** Work to be completed **
How do the lines below between the ones holding "第31话 危机的女子（中）5" and "прущая мука Татарск", inclusive, read? Give them again exactly, with no other lines.

** Data for review **
* * * * * * *
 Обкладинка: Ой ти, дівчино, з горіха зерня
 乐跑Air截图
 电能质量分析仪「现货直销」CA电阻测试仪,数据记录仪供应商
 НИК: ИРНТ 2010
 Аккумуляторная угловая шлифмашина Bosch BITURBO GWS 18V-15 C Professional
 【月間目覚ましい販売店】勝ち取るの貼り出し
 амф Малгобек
* * * * * * *
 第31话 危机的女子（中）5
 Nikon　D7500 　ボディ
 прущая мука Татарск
* * * * * * *
** Output for this exercise **
 第31话 危机的女子（中）5
 Nikon　D7500 　ボディ
 прущая мука Татарск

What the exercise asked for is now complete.